Start of Block

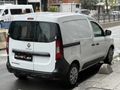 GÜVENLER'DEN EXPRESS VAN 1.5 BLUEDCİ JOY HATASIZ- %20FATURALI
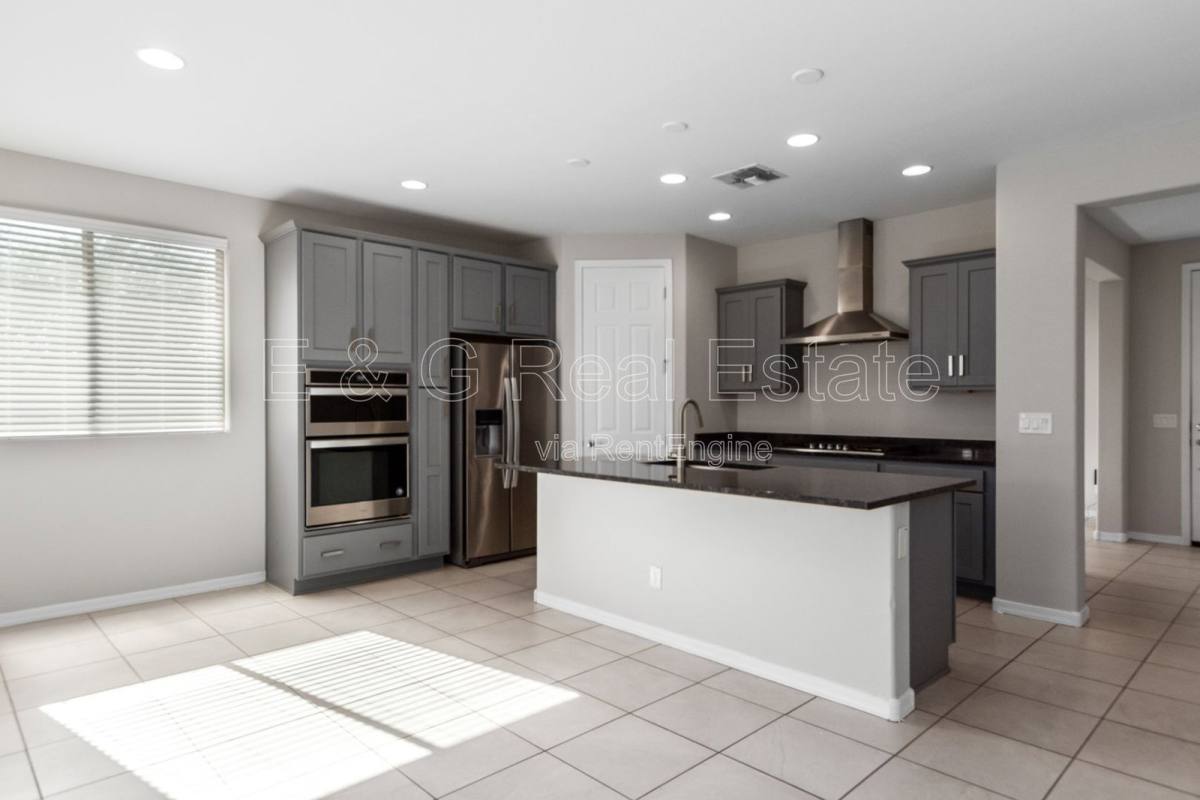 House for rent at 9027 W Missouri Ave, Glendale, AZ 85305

End of Block
Start of Block

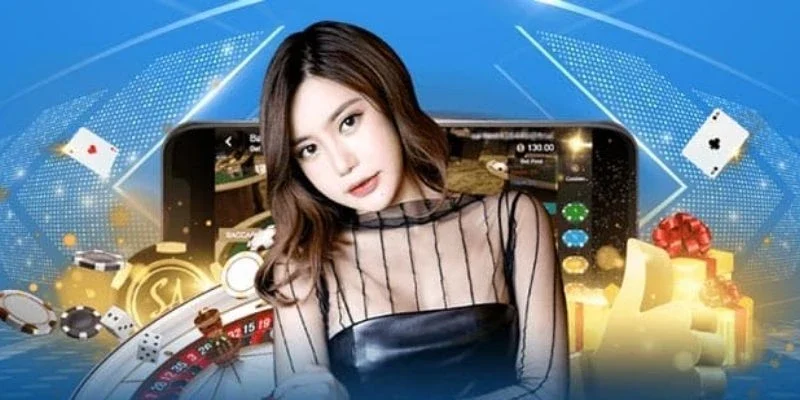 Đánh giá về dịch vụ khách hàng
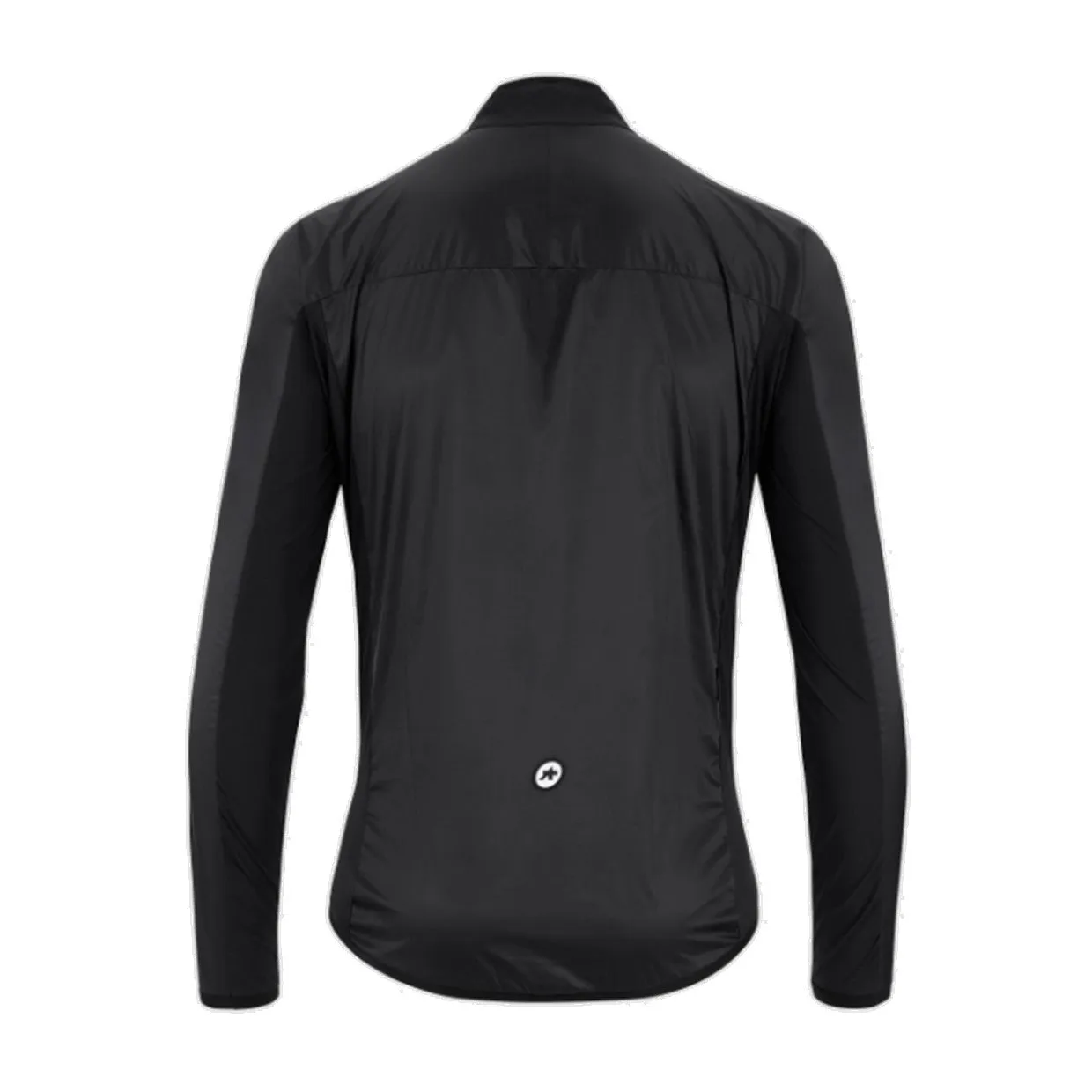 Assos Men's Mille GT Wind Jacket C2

End of Block

Your instructions => Once the line with "GÜVENLER'DEN EXPRESS VAN" has been found above, output that line and every later line exactly, stopping after the line with "House for rent", and omit the pictures.

Solution to this exercise =>
 GÜVENLER'DEN EXPRESS VAN 1.5 BLUEDCİ JOY HATASIZ- %20FATURALI
 House for rent at 9027 W Missouri Ave, Glendale, AZ 85305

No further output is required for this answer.